Import/export uses Logger objects that you create using the CreateLogger or CreateFileLogger pipelets (you can create as many Logger objects as you need). Once created, a logger is registered at the Controller object with a certain name that you can use to obtain the logger from the controller. A logger also has a log level assigned, e.g., debug, error or warning levels. Log levels can be combined using an OR operator. The base class for loggers and a ready-to-use NativeLogger (logs to stdout) and a FileLogger (logs to a file) are defined in the core framework.

Progress Notification

Gathering statistics for progress notification to keep track of the current position within the import process, statistics objects of type XMLStatistics are used. The statistic is accessible through the Controller and for the "outer world" through the import interactor. In general, the statistic is created by parsing the XML source and storing the number of elements. By incrementing a counter for a certain element, it is possible to get the current count of processed elements. The statistics object is created in the CollectXMLStatistics pipelet. Usually, the parse content handler is in charge of incrementing the counter.

Locking

To prevent multiple imports of related objects (e.g., products) into a single unit, an import process can be locked by using the LockImport pipelet. The LockImport pipelet uses the locking framework, see Concept - Locking Framework.

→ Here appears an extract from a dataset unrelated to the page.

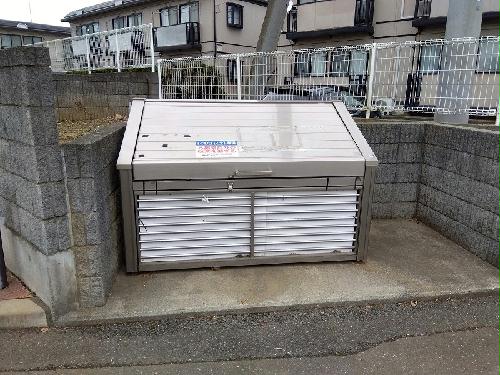 その他画像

Several import resources exist, which can be used to lock a certain import. The main resource for import is named Import. All other import resources use this resource as parent resource.

Import Specific Resources

The resources are locked in a unit-specific way by configuring the LockImport pipelet accordingly. The following resources are available for import:

UserImport
CategoryImport
ProductImport
DiscountImport
PriceImport
ProductTypeImport
VariationTypeImport
OrderImport
...

General Database Resources

Some parts of import pipelines change the database content (e.g., the Import pipelet). Those parts must be locked to prevent concurrent database changes on equal tables (e.g., data replication of products vs. product import or product imports in different domains). The LockImport pipelet locks matching database resources for those tasks (meaning children of the Database resource). As a sample, the product import locks the Products resource before running the Import pipelet for product tables. The Products resource is also used by replication processes, so no replication and import process can run concurrently.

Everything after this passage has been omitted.